### [Problem]
Leave out the images and output the records word for word.

------

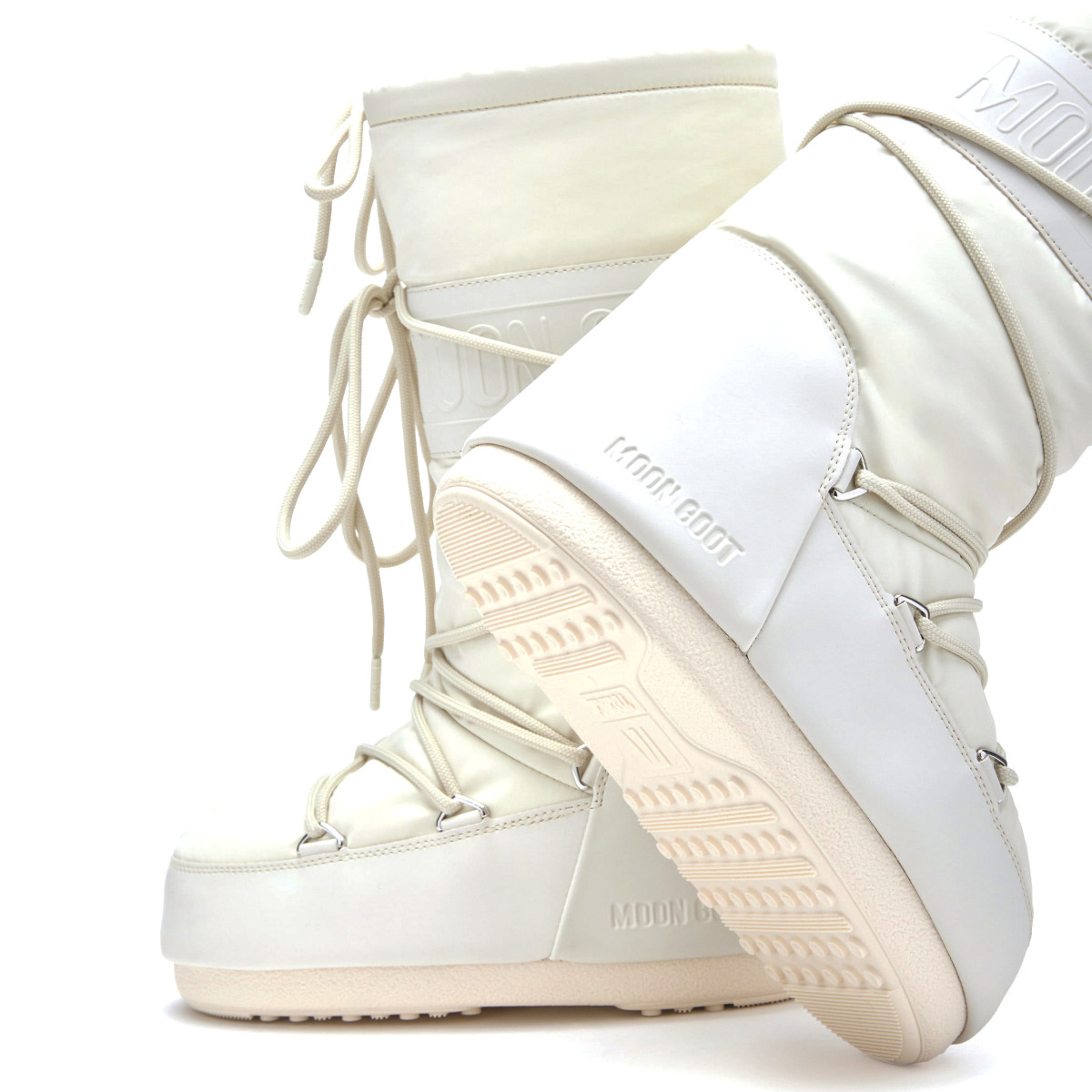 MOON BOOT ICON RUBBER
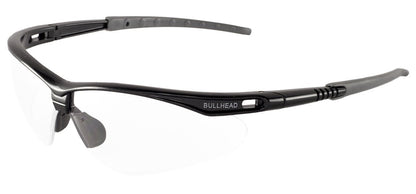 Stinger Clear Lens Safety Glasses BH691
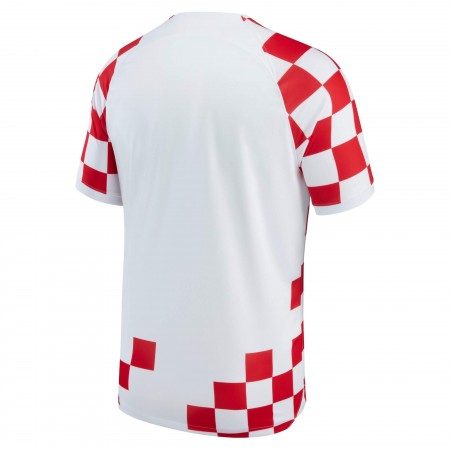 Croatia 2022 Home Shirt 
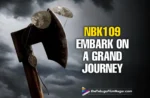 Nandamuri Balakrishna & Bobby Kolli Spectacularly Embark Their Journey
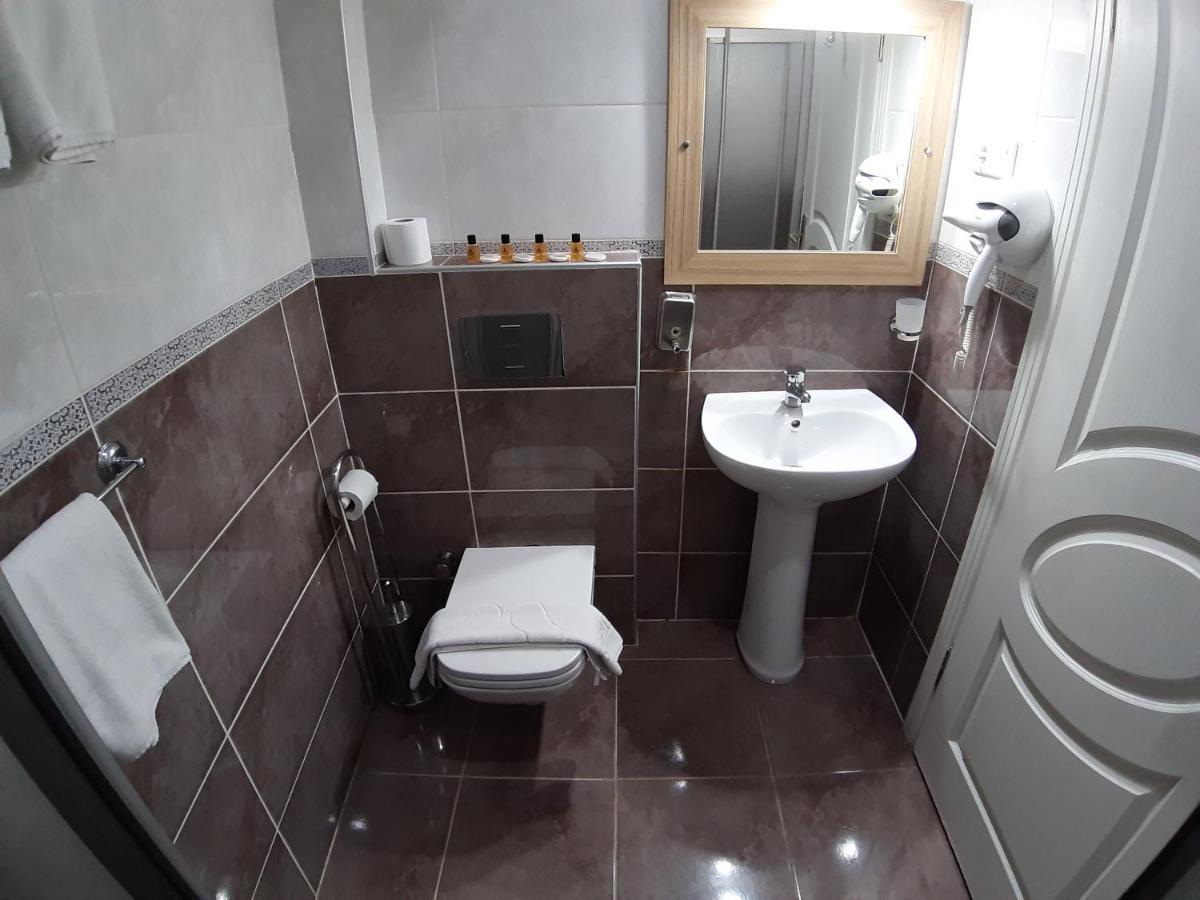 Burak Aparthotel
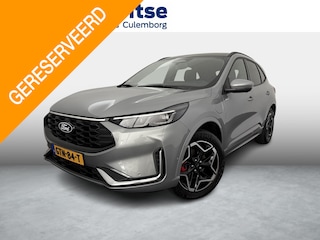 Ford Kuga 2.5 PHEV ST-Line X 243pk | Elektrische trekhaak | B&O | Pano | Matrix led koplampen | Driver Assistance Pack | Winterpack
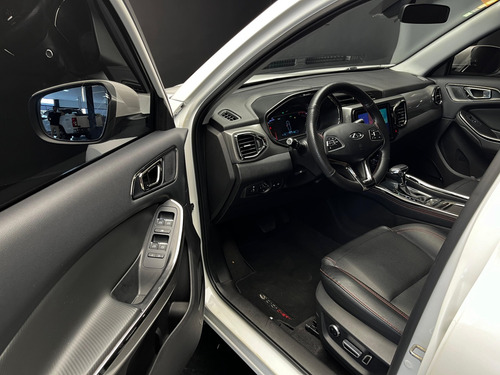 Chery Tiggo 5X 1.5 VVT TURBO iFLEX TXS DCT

------

### [Written response]
 MOON BOOT ICON RUBBER
 Stinger Clear Lens Safety Glasses BH691
 Croatia 2022 Home Shirt 
 Nandamuri Balakrishna & Bobby Kolli Spectacularly Embark Their Journey
 Burak Aparthotel
 Ford Kuga 2.5 PHEV ST-Line X 243pk | Elektrische trekhaak | B&O | Pano | Matrix led koplampen | Driver Assistance Pack | Winterpack
 Chery Tiggo 5X 1.5 VVT TURBO iFLEX TXS DCT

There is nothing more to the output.